On 21 July 2015 at 01:51, Stephen Van Sickle  wrote:
> http://www.geekwire.com/2015/spacexs-elon-musk-traces-falcon-9-rocket-failure-to-busted-strut/
>

Failure modes and built-in redundancy are interesting.

In the olden times, if failure of a cable or strut was critical, then
you just built two in. So that if one failed, the other took over the
load and the structure didn't collapse.
e.g. bridges and skyscrapers.

Modern design techniques can research expected loads and make one
strut strong enough so that it is expected to never fail and therefore
the backup is no longer required.
In rockets especially, saving weight is critical.

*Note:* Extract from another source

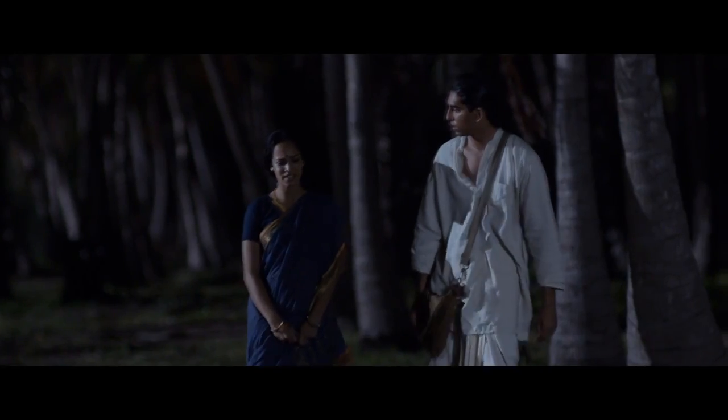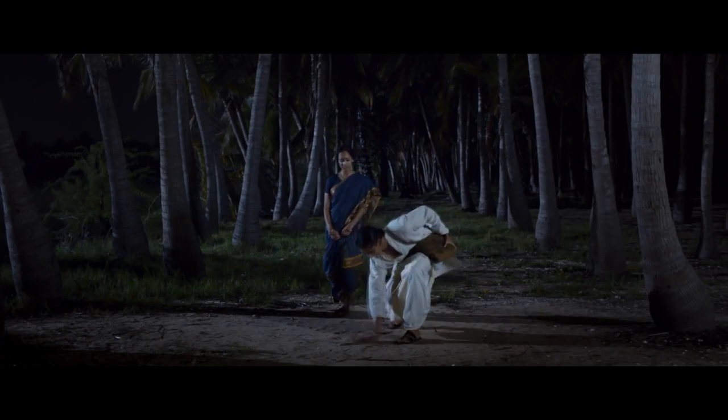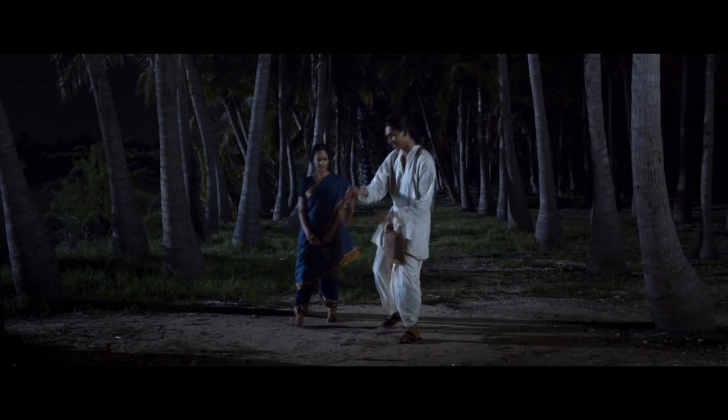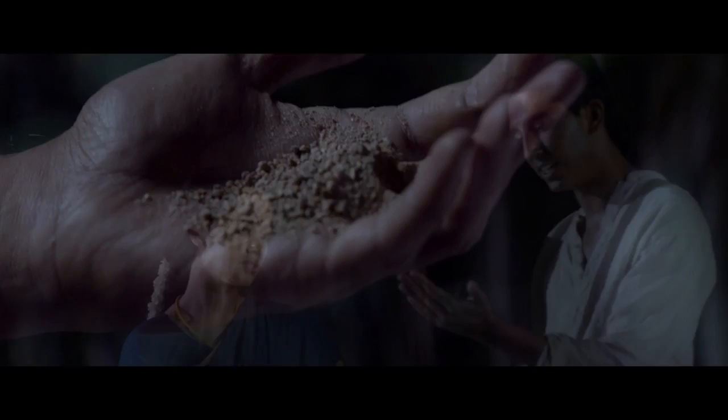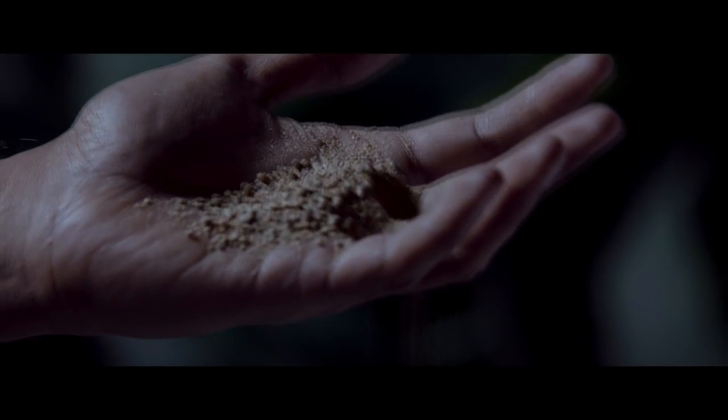What do you see? Sand. Imagine if we could look so closely, we could see each grain.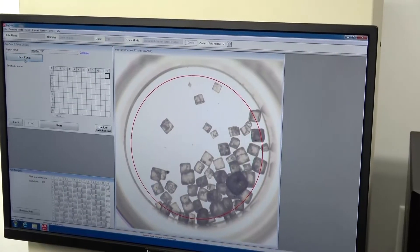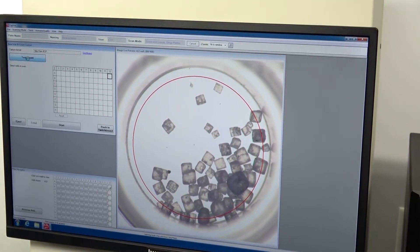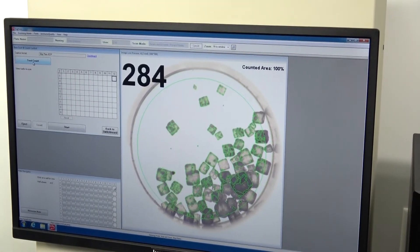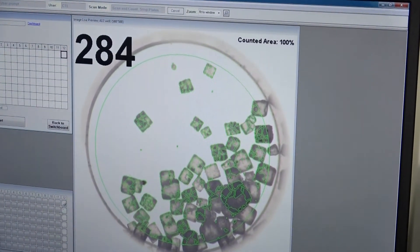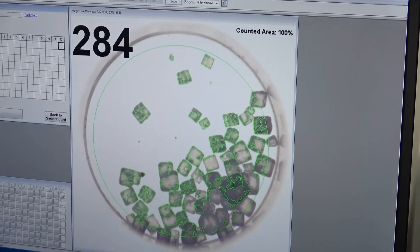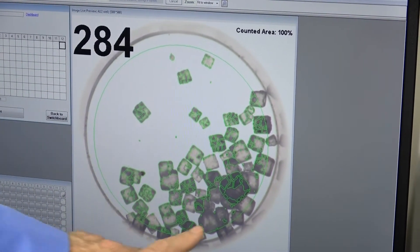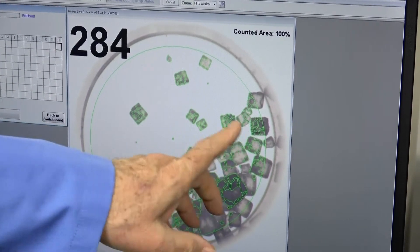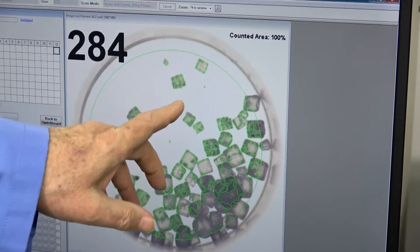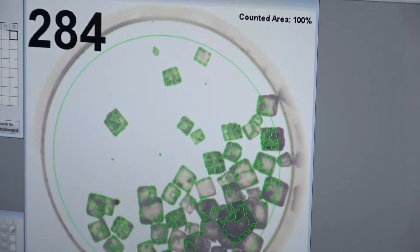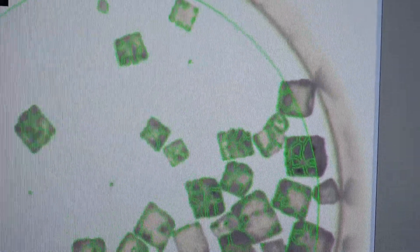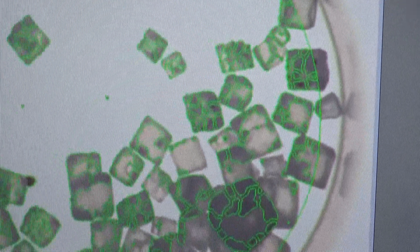I'll do a test count where it's going to look for things that it sees as a possible colony. As you can see, anytime there's a change between light and dark, it's seeing that as a colony. It says there's 284 in that well.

But this leads to problems of catastrophic failure if an unexpected
load occurs, or as in the Spacex case, some struts have undetected
manufacturing defects.

This may be an unnoticed existential risk. Building more efficient
systems closer to expected design limits could mean that unexpected
circumstances cause a catastrophic failure rather than a soft failure.

The human body has many soft failure modes. Bits can stop working or
degrade performance and the human still keeps going. (Called ageing).
:)
But this is an expensive way to build things.  You don't get soft
failure modes built-in to lowest quote manufacturers.